What you are asked to do:
Using the material below, return exactly the lines between the one holding "May include: A" and the one holding "Navy Blue Small", inclusive, and no others.

Data supplied:
+ + + +
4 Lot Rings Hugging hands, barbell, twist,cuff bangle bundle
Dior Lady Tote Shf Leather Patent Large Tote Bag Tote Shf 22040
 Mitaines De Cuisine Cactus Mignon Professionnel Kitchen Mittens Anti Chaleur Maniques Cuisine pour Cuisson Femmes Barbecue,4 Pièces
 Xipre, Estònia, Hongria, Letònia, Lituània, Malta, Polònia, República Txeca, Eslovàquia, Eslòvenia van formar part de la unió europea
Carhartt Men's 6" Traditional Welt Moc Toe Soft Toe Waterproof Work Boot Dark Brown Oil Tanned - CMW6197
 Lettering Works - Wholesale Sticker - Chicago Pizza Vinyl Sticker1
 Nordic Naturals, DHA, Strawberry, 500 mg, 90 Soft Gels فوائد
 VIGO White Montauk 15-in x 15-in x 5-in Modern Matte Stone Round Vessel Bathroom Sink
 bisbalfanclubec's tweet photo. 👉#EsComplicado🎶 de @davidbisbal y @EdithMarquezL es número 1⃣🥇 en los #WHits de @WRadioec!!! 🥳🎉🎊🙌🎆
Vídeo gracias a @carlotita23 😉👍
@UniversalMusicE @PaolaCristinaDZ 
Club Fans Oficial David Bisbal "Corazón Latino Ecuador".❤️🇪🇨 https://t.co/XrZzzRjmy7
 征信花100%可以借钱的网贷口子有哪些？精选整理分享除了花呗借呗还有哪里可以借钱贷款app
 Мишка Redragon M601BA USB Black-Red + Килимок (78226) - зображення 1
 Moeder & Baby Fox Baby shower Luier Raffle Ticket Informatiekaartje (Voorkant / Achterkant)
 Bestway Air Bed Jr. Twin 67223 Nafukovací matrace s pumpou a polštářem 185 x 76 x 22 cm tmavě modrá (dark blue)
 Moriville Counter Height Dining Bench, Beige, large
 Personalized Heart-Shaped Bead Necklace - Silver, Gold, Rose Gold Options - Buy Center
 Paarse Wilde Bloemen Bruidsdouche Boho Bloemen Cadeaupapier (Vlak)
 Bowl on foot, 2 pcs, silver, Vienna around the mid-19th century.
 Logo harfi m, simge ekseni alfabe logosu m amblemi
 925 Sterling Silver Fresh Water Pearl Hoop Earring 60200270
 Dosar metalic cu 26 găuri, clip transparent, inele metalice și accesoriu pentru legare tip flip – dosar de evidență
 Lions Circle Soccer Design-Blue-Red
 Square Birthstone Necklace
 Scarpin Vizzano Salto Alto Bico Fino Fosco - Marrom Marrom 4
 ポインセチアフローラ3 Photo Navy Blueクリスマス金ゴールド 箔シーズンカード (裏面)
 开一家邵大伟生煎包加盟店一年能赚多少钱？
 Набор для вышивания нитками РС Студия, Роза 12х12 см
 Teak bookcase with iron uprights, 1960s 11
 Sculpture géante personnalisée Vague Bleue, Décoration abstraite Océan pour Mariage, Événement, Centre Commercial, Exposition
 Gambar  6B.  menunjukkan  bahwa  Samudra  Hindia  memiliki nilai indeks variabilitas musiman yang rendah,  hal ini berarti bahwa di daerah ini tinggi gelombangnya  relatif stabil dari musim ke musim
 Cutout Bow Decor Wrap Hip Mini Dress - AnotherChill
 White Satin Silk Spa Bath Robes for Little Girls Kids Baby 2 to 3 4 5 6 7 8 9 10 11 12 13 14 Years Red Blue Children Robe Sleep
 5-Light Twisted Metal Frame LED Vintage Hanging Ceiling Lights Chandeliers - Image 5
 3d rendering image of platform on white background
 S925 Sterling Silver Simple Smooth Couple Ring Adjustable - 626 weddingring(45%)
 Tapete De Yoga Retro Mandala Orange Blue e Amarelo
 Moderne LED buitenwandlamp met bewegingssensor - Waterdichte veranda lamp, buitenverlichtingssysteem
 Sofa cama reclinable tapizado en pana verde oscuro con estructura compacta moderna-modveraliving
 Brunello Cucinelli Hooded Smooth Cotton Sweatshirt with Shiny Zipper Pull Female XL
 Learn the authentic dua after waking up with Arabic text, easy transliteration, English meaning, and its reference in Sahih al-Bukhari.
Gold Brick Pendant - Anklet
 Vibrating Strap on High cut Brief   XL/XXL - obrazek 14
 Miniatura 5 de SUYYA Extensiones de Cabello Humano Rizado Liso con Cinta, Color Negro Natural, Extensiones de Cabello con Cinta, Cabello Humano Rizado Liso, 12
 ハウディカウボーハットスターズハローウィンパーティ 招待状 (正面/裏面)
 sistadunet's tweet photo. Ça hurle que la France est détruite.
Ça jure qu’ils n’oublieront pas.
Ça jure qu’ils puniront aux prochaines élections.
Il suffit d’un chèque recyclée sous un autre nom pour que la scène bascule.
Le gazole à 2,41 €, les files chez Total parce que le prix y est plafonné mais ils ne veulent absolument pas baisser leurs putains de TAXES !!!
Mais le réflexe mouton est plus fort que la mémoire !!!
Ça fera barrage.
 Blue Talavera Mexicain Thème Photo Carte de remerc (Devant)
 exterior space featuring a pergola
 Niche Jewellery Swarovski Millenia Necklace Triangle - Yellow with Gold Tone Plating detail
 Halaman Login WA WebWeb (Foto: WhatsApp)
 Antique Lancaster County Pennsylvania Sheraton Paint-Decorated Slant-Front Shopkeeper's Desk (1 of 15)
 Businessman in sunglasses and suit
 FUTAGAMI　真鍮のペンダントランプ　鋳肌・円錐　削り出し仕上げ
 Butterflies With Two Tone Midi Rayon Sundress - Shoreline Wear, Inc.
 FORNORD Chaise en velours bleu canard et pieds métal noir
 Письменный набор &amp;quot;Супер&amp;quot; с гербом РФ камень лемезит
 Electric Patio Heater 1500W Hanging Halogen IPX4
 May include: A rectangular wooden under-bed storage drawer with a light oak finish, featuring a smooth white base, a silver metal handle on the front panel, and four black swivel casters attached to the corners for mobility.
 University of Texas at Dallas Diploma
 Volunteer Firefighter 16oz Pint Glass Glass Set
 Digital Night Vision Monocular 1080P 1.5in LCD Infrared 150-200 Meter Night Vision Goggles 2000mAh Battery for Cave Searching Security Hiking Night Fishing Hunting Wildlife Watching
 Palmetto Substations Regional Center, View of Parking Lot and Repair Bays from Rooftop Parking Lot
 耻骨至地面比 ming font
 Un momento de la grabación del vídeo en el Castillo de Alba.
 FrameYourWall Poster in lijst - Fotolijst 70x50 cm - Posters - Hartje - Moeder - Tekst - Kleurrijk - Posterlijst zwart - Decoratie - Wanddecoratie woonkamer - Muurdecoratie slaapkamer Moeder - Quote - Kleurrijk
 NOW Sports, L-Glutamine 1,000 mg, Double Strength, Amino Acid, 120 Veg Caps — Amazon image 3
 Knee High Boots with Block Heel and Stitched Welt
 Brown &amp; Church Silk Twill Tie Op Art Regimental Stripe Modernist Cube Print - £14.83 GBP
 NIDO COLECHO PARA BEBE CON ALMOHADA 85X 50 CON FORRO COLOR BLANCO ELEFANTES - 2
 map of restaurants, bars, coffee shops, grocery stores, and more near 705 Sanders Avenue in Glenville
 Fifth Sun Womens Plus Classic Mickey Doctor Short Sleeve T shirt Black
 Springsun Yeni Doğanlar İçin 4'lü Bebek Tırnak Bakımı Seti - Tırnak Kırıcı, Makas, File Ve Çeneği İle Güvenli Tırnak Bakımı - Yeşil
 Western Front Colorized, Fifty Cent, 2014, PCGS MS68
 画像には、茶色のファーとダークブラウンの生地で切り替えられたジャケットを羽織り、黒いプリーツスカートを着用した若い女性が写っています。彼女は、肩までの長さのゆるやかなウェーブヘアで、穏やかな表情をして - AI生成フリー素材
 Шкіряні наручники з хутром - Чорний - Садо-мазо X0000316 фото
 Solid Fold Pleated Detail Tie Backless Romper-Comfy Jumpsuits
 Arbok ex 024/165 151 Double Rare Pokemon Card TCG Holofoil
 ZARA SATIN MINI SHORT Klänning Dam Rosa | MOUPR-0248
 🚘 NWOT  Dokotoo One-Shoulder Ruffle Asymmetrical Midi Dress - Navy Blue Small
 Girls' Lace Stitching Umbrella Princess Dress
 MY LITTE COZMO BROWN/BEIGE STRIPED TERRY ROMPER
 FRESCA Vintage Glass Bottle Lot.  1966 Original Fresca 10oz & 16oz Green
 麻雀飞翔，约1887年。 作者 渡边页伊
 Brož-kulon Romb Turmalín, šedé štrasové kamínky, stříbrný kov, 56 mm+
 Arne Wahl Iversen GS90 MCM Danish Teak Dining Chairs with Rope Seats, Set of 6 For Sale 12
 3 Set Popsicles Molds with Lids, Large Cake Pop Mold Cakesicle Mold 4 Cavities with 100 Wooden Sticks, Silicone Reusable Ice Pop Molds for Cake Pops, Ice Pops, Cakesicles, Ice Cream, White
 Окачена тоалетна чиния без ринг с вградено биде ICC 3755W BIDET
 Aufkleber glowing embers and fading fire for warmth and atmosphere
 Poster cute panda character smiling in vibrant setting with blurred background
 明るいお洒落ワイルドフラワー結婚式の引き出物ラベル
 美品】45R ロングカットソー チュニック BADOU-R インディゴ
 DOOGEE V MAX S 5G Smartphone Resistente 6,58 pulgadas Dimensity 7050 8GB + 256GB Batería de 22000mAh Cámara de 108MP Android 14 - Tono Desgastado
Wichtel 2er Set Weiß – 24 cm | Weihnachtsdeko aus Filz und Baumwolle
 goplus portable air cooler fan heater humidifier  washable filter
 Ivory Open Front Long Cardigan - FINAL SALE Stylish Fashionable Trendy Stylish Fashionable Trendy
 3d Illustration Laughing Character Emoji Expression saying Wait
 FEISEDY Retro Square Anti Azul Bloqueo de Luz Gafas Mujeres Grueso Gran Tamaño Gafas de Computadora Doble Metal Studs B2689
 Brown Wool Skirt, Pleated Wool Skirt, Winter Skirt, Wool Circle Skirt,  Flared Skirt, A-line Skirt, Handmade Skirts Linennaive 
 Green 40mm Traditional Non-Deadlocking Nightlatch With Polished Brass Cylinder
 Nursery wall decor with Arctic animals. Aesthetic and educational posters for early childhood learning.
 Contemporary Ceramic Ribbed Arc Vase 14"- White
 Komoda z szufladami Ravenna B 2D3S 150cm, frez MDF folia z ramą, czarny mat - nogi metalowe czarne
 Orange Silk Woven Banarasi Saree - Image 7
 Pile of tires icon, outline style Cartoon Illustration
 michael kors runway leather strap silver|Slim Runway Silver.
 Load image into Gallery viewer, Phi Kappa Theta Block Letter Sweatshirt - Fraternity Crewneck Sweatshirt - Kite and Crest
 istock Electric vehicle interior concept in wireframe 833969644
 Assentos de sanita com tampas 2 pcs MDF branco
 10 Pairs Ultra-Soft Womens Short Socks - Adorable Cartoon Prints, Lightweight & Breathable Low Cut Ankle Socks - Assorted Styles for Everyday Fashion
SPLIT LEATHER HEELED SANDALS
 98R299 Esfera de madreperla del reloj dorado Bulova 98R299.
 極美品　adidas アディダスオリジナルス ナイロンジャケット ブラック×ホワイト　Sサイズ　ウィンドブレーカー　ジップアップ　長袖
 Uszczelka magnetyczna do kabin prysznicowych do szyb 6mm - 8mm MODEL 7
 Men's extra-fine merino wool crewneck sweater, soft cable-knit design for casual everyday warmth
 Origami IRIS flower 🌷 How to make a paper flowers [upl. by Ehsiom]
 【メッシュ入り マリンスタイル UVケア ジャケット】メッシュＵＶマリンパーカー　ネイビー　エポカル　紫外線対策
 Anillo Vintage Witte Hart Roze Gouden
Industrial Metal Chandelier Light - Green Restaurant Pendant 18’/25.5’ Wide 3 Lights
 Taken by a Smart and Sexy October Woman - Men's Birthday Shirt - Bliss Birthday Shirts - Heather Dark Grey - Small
+ + + +
Answer to this problem:
 May include: A rectangular wooden under-bed storage drawer with a light oak finish, featuring a smooth white base, a silver metal handle on the front panel, and four black swivel casters attached to the corners for mobility.
 University of Texas at Dallas Diploma
 Volunteer Firefighter 16oz Pint Glass Glass Set
 Digital Night Vision Monocular 1080P 1.5in LCD Infrared 150-200 Meter Night Vision Goggles 2000mAh Battery for Cave Searching Security Hiking Night Fishing Hunting Wildlife Watching
 Palmetto Substations Regional Center, View of Parking Lot and Repair Bays from Rooftop Parking Lot
 耻骨至地面比 ming font
 Un momento de la grabación del vídeo en el Castillo de Alba.
 FrameYourWall Poster in lijst - Fotolijst 70x50 cm - Posters - Hartje - Moeder - Tekst - Kleurrijk - Posterlijst zwart - Decoratie - Wanddecoratie woonkamer - Muurdecoratie slaapkamer Moeder - Quote - Kleurrijk
 NOW Sports, L-Glutamine 1,000 mg, Double Strength, Amino Acid, 120 Veg Caps — Amazon image 3
 Knee High Boots with Block Heel and Stitched Welt
 Brown &amp; Church Silk Twill Tie Op Art Regimental Stripe Modernist Cube Print - £14.83 GBP
 NIDO COLECHO PARA BEBE CON ALMOHADA 85X 50 CON FORRO COLOR BLANCO ELEFANTES - 2
 map of restaurants, bars, coffee shops, grocery stores, and more near 705 Sanders Avenue in Glenville
 Fifth Sun Womens Plus Classic Mickey Doctor Short Sleeve T shirt Black
 Springsun Yeni Doğanlar İçin 4'lü Bebek Tırnak Bakımı Seti - Tırnak Kırıcı, Makas, File Ve Çeneği İle Güvenli Tırnak Bakımı - Yeşil
 Western Front Colorized, Fifty Cent, 2014, PCGS MS68
 画像には、茶色のファーとダークブラウンの生地で切り替えられたジャケットを羽織り、黒いプリーツスカートを着用した若い女性が写っています。彼女は、肩までの長さのゆるやかなウェーブヘアで、穏やかな表情をして - AI生成フリー素材
 Шкіряні наручники з хутром - Чорний - Садо-мазо X0000316 фото
 Solid Fold Pleated Detail Tie Backless Romper-Comfy Jumpsuits
 Arbok ex 024/165 151 Double Rare Pokemon Card TCG Holofoil
 ZARA SATIN MINI SHORT Klänning Dam Rosa | MOUPR-0248
 🚘 NWOT  Dokotoo One-Shoulder Ruffle Asymmetrical Midi Dress - Navy Blue Small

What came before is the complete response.